Sie erinnert uns durch modernen Tanz an die Bedeutung der Geste. Der politische Aspekt der Geste. Die Essenz des modernen Tanzes „besteht darin, sich auf seine eigene Art und Weise bewegen zu können“, sagt sie, „von nuanciert bis gigantisch“. Obwohl dieser Tanz als bürgerlich galt, wurde er Mitte des 20. Jahrhunderts vom Kommunismus verboten und durch Ballett, Volkstanz und Gesellschaftstanz ersetzt. Wir lachen. Gibt es heute nicht Dinge, die bürgerlicher sind als diese Tänze?
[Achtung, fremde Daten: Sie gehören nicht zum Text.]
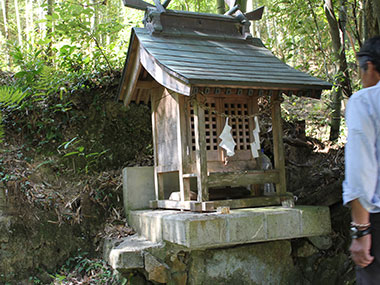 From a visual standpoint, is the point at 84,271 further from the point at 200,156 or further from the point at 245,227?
the point at 245,227

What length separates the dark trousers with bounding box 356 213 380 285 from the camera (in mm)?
2217

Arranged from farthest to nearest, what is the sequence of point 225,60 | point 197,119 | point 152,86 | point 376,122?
point 152,86, point 225,60, point 197,119, point 376,122

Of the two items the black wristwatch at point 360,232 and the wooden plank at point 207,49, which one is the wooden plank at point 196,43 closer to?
the wooden plank at point 207,49

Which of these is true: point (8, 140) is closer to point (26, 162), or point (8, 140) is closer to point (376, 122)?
point (26, 162)

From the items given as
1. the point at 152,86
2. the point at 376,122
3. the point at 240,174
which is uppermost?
the point at 152,86

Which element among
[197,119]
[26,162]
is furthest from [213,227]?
[26,162]

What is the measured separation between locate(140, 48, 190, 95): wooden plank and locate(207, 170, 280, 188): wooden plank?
1256 millimetres

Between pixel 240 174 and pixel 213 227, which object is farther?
pixel 240 174

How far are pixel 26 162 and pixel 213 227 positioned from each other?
4.42 metres

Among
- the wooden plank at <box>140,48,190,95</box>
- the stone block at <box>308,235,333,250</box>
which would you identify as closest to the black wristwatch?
the wooden plank at <box>140,48,190,95</box>

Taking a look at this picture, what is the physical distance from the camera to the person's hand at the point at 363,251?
7.31ft

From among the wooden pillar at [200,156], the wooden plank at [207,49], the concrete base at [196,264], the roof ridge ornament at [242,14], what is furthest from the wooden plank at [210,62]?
the concrete base at [196,264]

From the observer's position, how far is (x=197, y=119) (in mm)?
5117

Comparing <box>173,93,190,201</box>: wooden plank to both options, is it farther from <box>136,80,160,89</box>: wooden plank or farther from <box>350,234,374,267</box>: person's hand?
<box>350,234,374,267</box>: person's hand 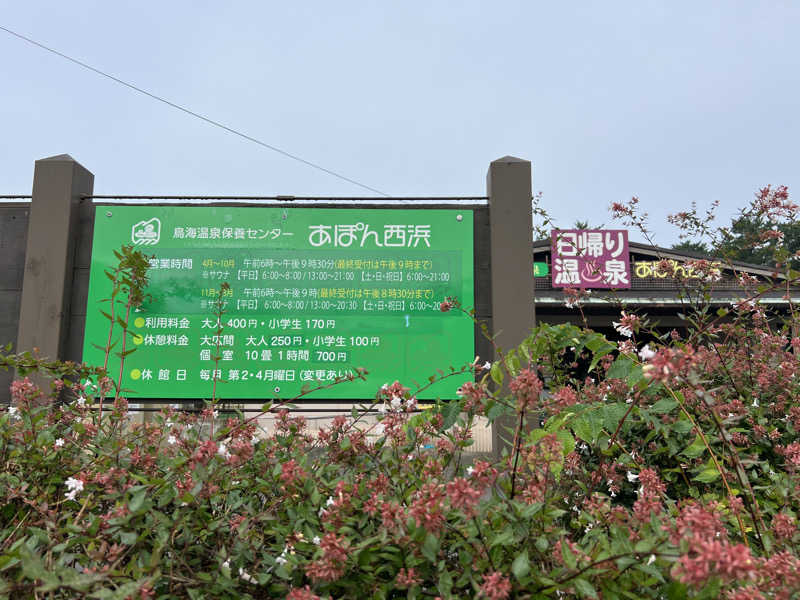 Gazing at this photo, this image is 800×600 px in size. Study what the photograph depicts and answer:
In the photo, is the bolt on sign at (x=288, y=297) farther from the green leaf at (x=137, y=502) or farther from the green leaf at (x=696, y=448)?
the green leaf at (x=137, y=502)

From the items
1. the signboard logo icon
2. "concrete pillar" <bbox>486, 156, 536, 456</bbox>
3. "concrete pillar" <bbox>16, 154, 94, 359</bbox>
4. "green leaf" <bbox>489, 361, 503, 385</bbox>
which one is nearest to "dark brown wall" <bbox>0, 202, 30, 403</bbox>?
"concrete pillar" <bbox>16, 154, 94, 359</bbox>

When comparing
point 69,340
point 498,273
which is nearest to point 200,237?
point 69,340

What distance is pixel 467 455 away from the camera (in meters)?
3.46

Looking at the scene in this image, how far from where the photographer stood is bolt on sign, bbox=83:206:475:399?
4.09m

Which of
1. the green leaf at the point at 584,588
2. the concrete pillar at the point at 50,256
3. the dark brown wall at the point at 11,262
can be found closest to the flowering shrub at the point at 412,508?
the green leaf at the point at 584,588

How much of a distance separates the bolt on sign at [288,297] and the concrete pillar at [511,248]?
0.21 m

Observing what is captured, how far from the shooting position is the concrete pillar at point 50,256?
13.3ft

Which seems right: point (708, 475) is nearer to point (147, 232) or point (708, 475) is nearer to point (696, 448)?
point (696, 448)

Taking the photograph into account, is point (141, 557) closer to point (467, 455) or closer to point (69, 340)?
point (467, 455)

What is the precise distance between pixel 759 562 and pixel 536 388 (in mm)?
413

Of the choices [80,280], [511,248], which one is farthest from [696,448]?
[80,280]

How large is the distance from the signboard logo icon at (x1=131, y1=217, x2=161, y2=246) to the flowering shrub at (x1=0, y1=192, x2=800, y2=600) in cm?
286

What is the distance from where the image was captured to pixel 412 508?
847 mm

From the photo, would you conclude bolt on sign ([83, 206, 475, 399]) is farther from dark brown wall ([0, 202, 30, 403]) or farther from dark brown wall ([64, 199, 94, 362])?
dark brown wall ([0, 202, 30, 403])
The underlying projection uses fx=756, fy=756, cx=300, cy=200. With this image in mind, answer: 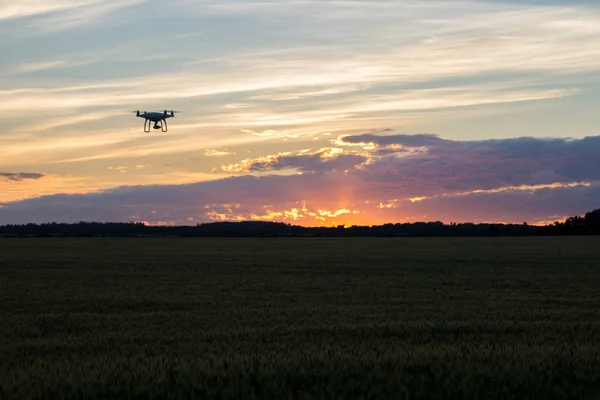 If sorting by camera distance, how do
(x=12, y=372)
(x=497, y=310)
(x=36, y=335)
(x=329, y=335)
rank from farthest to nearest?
1. (x=497, y=310)
2. (x=36, y=335)
3. (x=329, y=335)
4. (x=12, y=372)

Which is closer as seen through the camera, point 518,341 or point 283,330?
point 518,341

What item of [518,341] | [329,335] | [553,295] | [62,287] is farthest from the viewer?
[62,287]

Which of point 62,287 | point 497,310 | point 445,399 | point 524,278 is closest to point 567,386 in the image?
point 445,399

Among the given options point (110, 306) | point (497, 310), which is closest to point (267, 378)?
point (497, 310)

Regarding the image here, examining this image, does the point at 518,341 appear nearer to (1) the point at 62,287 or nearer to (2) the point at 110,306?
(2) the point at 110,306

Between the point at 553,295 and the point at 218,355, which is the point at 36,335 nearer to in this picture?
the point at 218,355

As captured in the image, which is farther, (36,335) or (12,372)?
(36,335) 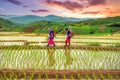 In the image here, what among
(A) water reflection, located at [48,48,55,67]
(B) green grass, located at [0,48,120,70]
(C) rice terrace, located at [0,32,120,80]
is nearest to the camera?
(C) rice terrace, located at [0,32,120,80]

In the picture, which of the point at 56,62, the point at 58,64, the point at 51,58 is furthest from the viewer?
the point at 51,58

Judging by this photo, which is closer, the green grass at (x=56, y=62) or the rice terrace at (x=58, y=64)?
the rice terrace at (x=58, y=64)

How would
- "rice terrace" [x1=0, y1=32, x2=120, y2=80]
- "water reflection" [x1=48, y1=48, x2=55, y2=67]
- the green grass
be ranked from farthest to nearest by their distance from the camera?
"water reflection" [x1=48, y1=48, x2=55, y2=67] → the green grass → "rice terrace" [x1=0, y1=32, x2=120, y2=80]

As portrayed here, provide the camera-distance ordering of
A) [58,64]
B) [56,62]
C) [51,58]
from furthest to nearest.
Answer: [51,58] → [56,62] → [58,64]

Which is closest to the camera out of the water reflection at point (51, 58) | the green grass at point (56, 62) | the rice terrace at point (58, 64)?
the rice terrace at point (58, 64)

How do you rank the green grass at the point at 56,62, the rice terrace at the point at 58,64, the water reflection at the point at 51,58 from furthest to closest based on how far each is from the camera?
the water reflection at the point at 51,58
the green grass at the point at 56,62
the rice terrace at the point at 58,64

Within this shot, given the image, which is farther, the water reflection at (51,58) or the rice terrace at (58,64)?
the water reflection at (51,58)

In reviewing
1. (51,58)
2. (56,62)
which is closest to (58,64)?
(56,62)

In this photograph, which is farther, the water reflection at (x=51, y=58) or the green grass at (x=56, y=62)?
the water reflection at (x=51, y=58)

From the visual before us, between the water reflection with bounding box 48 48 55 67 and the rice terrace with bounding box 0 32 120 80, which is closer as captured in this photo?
the rice terrace with bounding box 0 32 120 80

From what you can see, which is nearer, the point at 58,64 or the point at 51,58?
the point at 58,64

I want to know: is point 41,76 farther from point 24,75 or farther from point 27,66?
point 27,66

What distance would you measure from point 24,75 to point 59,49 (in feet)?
12.9

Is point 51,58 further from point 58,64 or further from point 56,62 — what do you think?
point 58,64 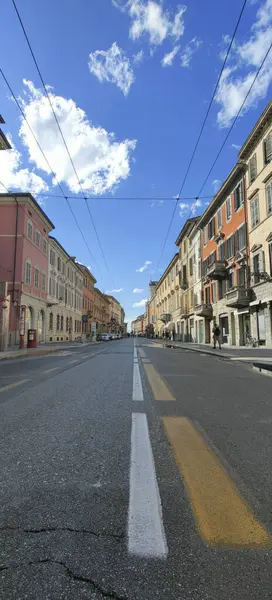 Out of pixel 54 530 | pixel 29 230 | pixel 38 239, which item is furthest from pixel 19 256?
pixel 54 530

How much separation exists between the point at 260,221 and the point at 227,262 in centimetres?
753

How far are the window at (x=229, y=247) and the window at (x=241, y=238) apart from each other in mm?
1157

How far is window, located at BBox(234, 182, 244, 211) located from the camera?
90.4 feet

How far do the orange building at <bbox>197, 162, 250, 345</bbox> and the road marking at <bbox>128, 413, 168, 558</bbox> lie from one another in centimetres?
2345

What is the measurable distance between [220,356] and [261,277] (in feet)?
24.3

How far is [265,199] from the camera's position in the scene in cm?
2306

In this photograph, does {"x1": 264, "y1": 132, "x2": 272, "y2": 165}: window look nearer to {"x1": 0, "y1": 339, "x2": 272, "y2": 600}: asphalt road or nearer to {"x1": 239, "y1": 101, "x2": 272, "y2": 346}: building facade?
{"x1": 239, "y1": 101, "x2": 272, "y2": 346}: building facade

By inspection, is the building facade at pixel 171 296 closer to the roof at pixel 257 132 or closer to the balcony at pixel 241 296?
the balcony at pixel 241 296

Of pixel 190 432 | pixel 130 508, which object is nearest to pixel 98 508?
pixel 130 508

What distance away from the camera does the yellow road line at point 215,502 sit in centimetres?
199

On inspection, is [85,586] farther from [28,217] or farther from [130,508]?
[28,217]

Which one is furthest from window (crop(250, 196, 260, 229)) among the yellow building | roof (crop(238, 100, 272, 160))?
the yellow building

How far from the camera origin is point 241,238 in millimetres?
27641

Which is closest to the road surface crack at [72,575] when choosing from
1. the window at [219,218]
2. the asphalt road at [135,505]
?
the asphalt road at [135,505] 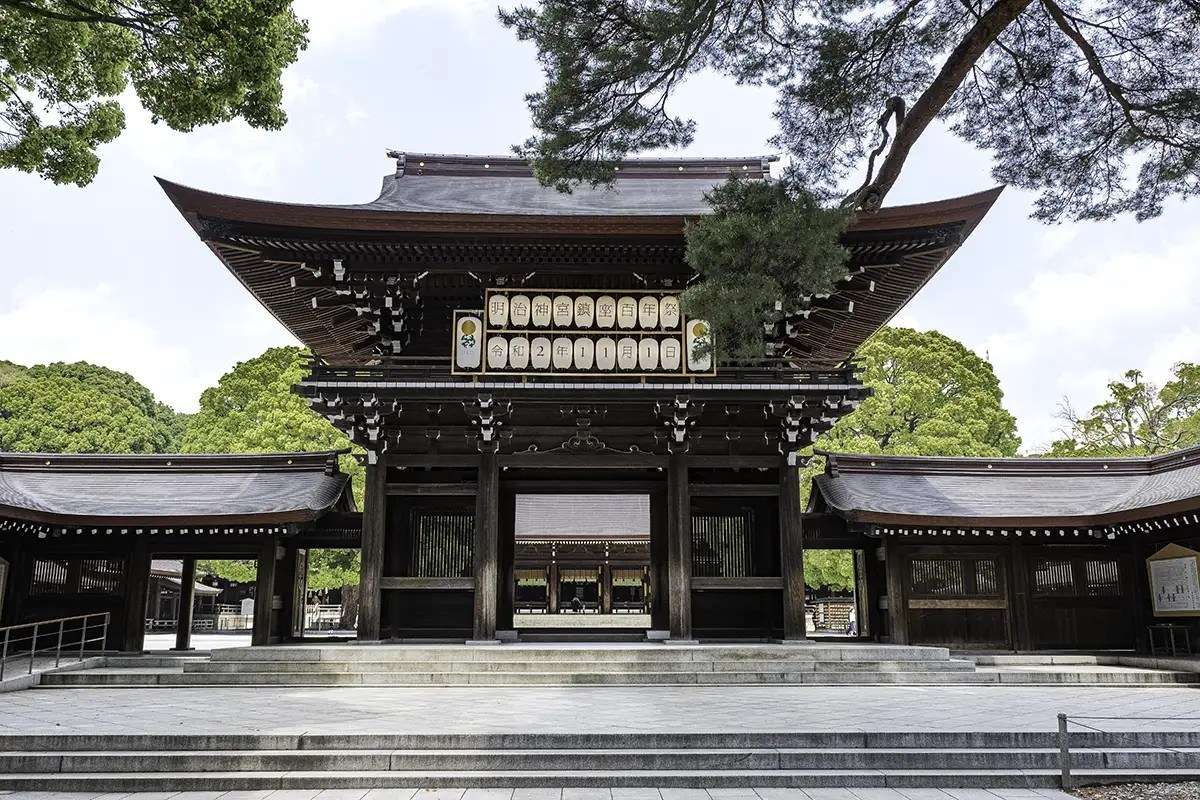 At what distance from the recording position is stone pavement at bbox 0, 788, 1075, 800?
7.00m

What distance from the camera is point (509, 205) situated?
1700cm

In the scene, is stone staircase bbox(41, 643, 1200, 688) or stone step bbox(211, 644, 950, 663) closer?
stone staircase bbox(41, 643, 1200, 688)

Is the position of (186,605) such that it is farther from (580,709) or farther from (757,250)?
(757,250)

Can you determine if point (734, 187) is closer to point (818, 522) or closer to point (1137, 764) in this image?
point (1137, 764)

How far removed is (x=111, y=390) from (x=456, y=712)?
42.5 metres

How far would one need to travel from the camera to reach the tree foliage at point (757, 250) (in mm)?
8328

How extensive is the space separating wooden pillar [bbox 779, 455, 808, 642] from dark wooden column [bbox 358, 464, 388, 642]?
6.90 meters

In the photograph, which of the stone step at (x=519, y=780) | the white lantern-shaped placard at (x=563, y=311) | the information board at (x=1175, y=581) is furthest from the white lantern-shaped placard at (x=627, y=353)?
the information board at (x=1175, y=581)

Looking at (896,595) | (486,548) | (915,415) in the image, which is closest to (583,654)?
(486,548)

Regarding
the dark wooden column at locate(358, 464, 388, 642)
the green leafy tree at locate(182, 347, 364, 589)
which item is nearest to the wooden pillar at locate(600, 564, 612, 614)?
the green leafy tree at locate(182, 347, 364, 589)

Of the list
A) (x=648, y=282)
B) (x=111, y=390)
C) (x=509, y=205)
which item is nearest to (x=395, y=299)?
(x=509, y=205)

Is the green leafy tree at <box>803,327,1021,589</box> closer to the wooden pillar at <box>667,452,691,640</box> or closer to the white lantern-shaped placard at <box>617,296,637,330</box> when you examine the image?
the wooden pillar at <box>667,452,691,640</box>

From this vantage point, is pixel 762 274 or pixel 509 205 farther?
pixel 509 205

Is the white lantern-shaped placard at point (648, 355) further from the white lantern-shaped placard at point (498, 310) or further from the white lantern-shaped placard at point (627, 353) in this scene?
the white lantern-shaped placard at point (498, 310) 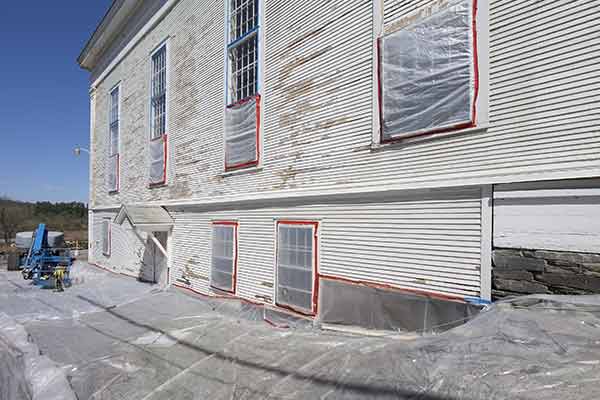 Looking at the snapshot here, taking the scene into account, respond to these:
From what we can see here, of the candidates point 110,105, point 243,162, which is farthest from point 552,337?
point 110,105

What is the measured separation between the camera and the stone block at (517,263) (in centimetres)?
421

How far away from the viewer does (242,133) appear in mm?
8961

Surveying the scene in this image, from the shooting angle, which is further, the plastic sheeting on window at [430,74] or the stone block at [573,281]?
the plastic sheeting on window at [430,74]

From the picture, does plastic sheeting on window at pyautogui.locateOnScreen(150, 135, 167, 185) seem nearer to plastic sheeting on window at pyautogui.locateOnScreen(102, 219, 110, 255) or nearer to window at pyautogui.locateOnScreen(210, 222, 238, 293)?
window at pyautogui.locateOnScreen(210, 222, 238, 293)

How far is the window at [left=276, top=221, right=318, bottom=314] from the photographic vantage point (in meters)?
7.10

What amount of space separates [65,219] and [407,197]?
213ft

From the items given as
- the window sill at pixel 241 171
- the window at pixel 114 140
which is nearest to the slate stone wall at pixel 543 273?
the window sill at pixel 241 171

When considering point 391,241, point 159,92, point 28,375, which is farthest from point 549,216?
point 159,92

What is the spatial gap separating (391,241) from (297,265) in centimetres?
231

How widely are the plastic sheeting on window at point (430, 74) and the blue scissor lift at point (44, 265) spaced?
1358cm

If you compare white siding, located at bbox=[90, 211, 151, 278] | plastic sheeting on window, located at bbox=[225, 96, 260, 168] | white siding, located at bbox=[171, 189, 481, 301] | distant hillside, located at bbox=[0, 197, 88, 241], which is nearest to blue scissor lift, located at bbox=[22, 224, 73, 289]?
white siding, located at bbox=[90, 211, 151, 278]

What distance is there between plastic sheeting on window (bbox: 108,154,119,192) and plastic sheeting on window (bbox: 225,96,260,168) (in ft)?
32.3

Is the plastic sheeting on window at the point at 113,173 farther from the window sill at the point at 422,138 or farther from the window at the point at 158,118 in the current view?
the window sill at the point at 422,138

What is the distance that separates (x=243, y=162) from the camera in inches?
351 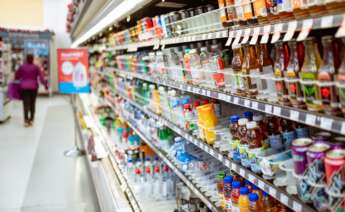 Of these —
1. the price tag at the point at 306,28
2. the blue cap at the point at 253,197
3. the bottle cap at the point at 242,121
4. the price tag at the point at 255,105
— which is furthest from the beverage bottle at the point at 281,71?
the blue cap at the point at 253,197

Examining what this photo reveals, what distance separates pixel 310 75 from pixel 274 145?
1.60 feet

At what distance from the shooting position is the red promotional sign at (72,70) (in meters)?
5.32

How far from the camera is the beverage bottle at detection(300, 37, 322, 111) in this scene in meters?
1.23

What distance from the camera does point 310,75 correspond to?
4.09ft

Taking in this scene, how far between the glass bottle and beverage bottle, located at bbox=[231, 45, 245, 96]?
1.22 feet

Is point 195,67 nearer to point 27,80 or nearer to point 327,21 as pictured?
point 327,21

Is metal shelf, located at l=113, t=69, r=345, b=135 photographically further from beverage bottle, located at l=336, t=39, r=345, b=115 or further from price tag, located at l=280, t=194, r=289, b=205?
price tag, located at l=280, t=194, r=289, b=205

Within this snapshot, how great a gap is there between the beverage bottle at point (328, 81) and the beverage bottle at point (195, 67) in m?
1.11

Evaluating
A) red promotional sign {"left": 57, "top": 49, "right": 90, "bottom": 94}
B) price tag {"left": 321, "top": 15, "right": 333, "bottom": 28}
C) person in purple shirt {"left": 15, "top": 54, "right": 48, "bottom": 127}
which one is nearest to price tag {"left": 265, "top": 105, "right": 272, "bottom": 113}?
price tag {"left": 321, "top": 15, "right": 333, "bottom": 28}

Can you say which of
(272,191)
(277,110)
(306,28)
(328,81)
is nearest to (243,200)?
(272,191)

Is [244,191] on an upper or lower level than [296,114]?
lower

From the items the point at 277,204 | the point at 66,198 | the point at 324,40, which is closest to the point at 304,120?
the point at 324,40

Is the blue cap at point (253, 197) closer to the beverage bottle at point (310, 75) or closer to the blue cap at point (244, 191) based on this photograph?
the blue cap at point (244, 191)

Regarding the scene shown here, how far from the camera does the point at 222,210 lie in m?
2.00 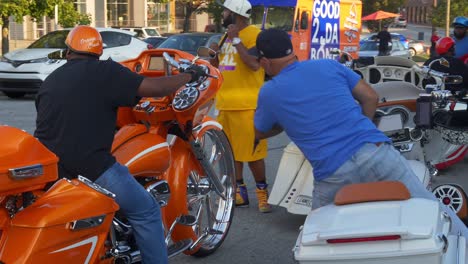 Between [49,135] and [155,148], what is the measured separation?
0.73 m

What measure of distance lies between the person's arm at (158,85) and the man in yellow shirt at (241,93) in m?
2.54

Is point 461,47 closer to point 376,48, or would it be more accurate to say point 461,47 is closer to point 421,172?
point 421,172

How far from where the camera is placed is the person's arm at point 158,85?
150 inches

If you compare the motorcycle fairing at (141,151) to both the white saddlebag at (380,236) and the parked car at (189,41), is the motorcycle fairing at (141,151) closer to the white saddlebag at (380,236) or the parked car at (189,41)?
the white saddlebag at (380,236)

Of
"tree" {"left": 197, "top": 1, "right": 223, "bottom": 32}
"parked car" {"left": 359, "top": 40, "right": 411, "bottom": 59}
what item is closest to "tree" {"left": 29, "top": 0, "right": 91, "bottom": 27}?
"parked car" {"left": 359, "top": 40, "right": 411, "bottom": 59}

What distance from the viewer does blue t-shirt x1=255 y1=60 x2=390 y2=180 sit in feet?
12.7

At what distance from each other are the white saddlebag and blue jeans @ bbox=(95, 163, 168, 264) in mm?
1059

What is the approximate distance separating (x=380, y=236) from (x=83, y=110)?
162cm

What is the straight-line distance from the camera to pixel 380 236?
3008 millimetres

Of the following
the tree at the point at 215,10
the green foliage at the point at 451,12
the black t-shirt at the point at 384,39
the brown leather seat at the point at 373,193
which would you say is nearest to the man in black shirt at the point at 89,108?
the brown leather seat at the point at 373,193

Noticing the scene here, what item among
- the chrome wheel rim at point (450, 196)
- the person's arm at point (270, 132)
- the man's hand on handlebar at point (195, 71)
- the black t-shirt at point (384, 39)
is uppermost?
the man's hand on handlebar at point (195, 71)

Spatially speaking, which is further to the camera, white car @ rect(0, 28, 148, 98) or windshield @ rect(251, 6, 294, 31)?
windshield @ rect(251, 6, 294, 31)

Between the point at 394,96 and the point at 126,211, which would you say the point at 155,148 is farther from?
the point at 394,96

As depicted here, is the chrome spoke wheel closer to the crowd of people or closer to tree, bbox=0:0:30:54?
the crowd of people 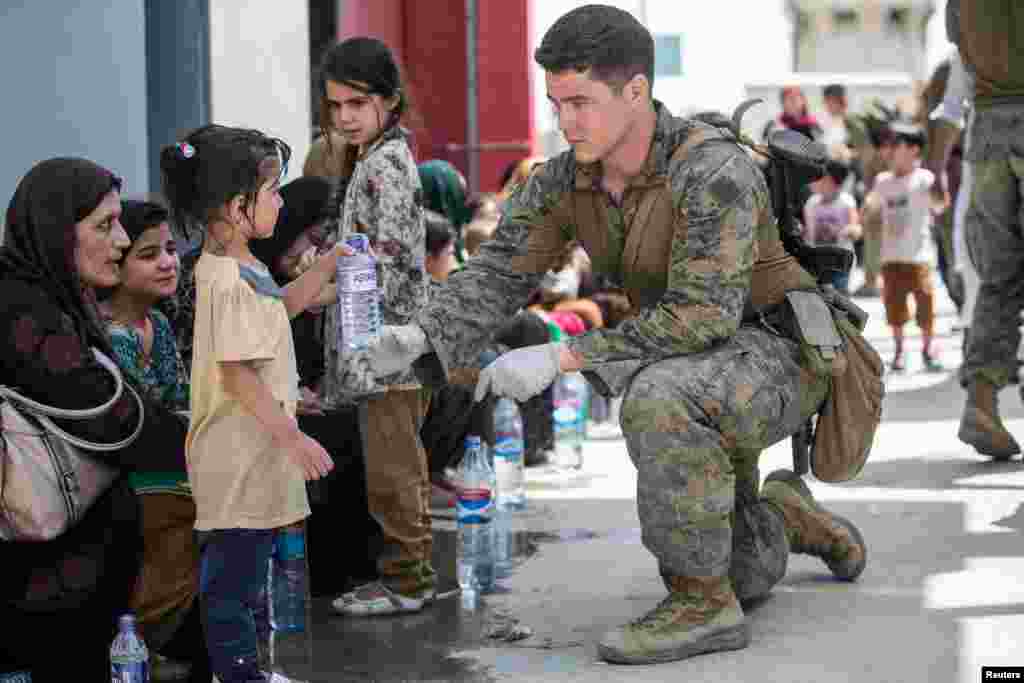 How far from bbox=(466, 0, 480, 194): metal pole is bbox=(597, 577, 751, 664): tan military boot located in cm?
979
Auf ihre Art erzählt sie auch vom Zweiten Weltkrieg. Von diesen Jungen, die aus den Häusern der Mädchen flohen, als sie erfuhren, dass diese Frauen, die zum Calvinismus konvertiert waren, jüdischer Herkunft waren. Sie erzählt uns von diesen Frauen, ihrem Zustand und davon, wie es war, eine Frau zu sein, als es keine Maschinen gab. Das Gewicht eines Hauses. Es geht durch seinen Körper, dieser Streit. Und wir denken über modernen Tanz nach. „Sich auf seine eigene Weise bewegen können“. Wir sagen, dass sie stark waren, Irén, Éva und Ágnes. Wenn dann das Bild aus der Originaldokumentation auftaucht, verstehen wir. Wir verstehen die Zärtlichkeit, wir verstehen die Arbeit. Wir verstehen die Imprägnierung als eine erhabene Illusion.